A Glimpse of what the Park administration is thinking about the North Korean contingency


Yoo Seong-ok, the president of the Institute for National Security Strategy gave an interview to Chosun Ilbo. As you are probably aware of, INSS is an NIS research center. Yoo also worked as a North Korea analyst at the National Intelligence Service for 26 years. So it wouldn’t be far-fetching to assume his opinion gives us at least a glimpse of what the Park administration is thinking about the frequently-suggested North Korean contingency:

“The word is about 7,000 were purged after the execution of Jang Song Thaek. On the contrary to a seeming stability, the Kim Jong Un regime paralysed its self-purification ability due to its extreme reign of terror. Its internal wound is getting more serious.”
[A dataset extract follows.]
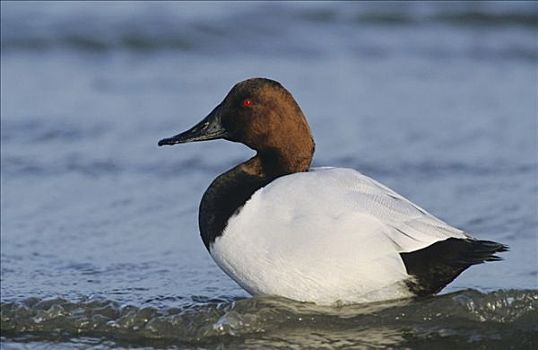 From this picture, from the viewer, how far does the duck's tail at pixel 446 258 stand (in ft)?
17.4

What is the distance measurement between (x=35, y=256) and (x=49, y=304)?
0.98 metres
And his solution to the contingency:

“Of higher chance, however, is a coup by someone among the leadership who’s close to Kim Jong Un. In the case of contingency, we should fly massive [relief] goods into the North in order to prevent a large-scale defection. And turn the new North Korean regime into a pro-South one so we can have a reconciliation, exchange and cooperation in a true sense then proceed to a gradual reunification.”

Building a provisional government of DPRK by defecting Kim Jong Nam to the U.S. was a joint U.S.-ROK intel ops plan which was later scrapped, according to last December’s report of Donga Ilbo. Long before this utterly absurd plan, one of my sources notified me that the NIS had been planning, probably at working-level, to build something like it in cooperation with China. ((I know what you are thinking: did they really think China would cooperate on something like it? Yes, they were that much clueless, I would say! In my understanding and hearabouts, their awareness on the state of international affairs hasn’t gotten over cold war mindset.))

Gradually I see more of loopholes from the Park administration’s theory of North Korean contingency rather than from the stability of the North Korean regime. Its view on North Korea seems to be based on insufficient evidence, wishful thinking.